De impacto em múltiplas dimensões, os grandes empreendimentos afetam diretamente a biodiversidade, os costumes e crenças de um povo, a relação com a terra e a memória – questões intrinsecamente relacionadas com os direitos econômicos, sociais, culturais e políticos.

“O direito humano é sobre o direito de ir e vir, de eu ter, eu ser, sem que alguém me diga o que preciso. Está na diversidade da vivência. Não pode ser imposto, nasce com o indivíduo.
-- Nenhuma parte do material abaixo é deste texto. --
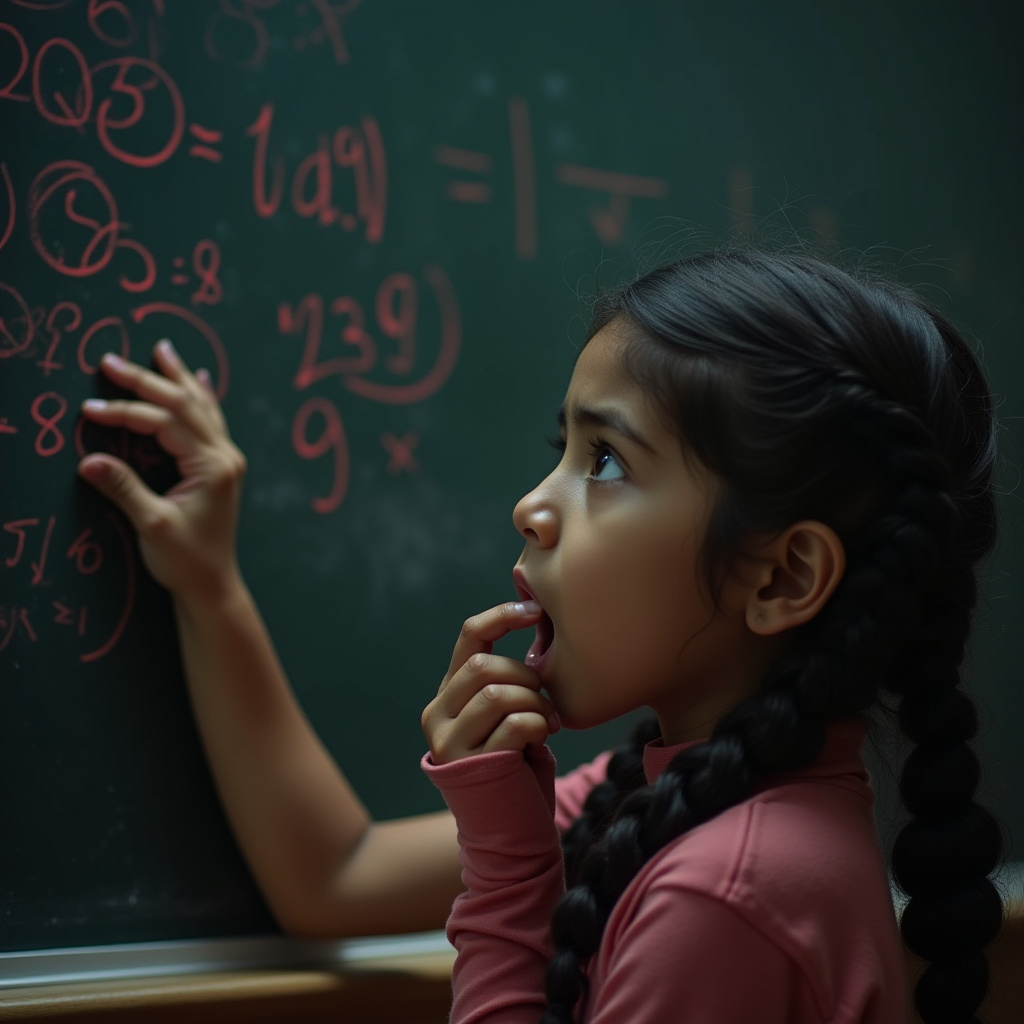 how to deal with math anxiety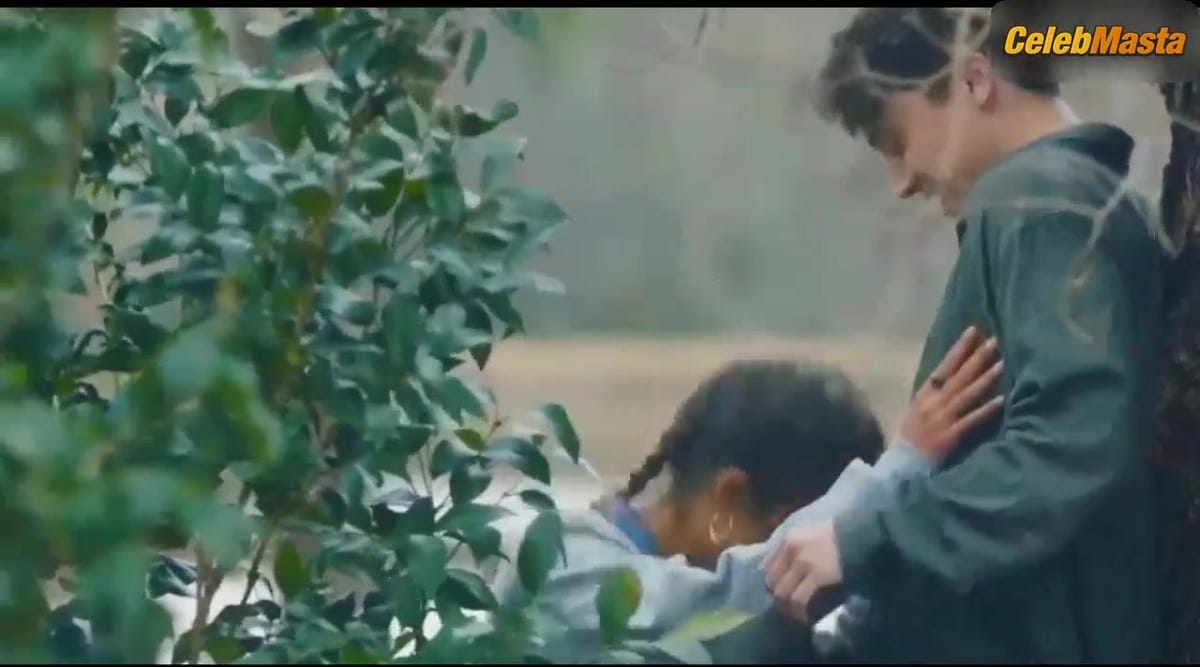 Alisha Boe's Sex Scene from Yes, God, Yes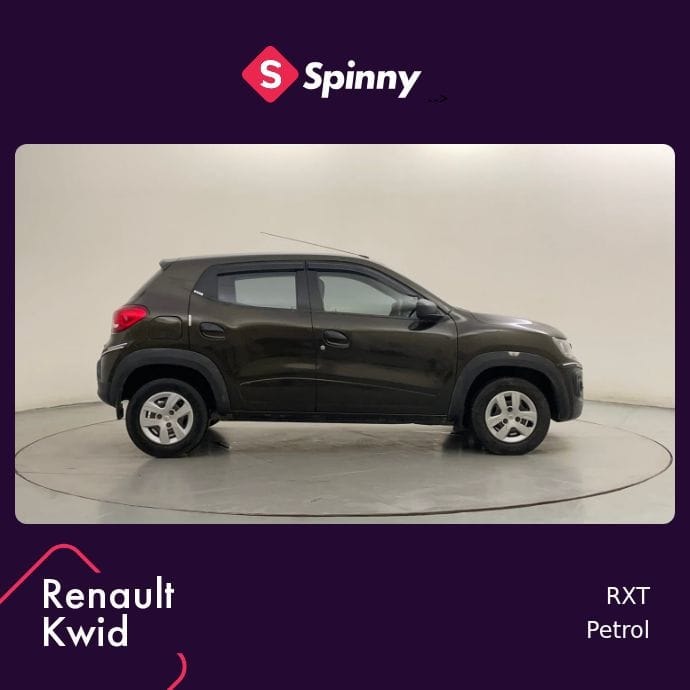 Used 2016 Renault Kwid Used 2016 Renault Kwid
Dignidade é fazer jus a este direito., viver em local saudável, viver em ambiente sadio, ter uma boa água”,  pontua o indígena do povo Munduruku, da aldeia Takuara, Raimundo Abimael, localizada no Baixo-Tapajós.

Construção conjunta
A iniciativa de formação é uma construção coletiva da Terra de Direitos, Universidade Federal do Oeste do Pará (Ufopa), Sindicatos de trabalhadores rurais de Santarém (STTR) e Núcleo de Assessoria Jurídica Universitária Popular (NAJUP Cabano).

A atividade contou com a participação de integrantes do o Sindicato de trabalhadores Rurais de Santarém (STTR), Federação das Organizações Quilombolas de Santarém (FOQS), Conselho indígena Tapajós Arapiuns (CITA), Federação Das Associações de Moradores e Comunidades Do Assentamento Agroextrativista Da Gleba Lago Grande (Feagle), Organização das Associações da Reserva Extrativista Tapajós Arapiuns(TAPAJOARA), Conselho indígena TI Cobra Grande e  Movimento Popular Urbano.

O curso se insere no plano de trabalho "Assessoria jurídica popular em prol da educação popular sobre o direito à consulta prévia, livre e informada e pela defesa da Convenção 169 das OIT", desenvolvido pela Ufopa, pelo discente Rionaldo Pinto, e sob orientação do professor André Azevedo, e financiado pelo Edital Pibex 009/2018.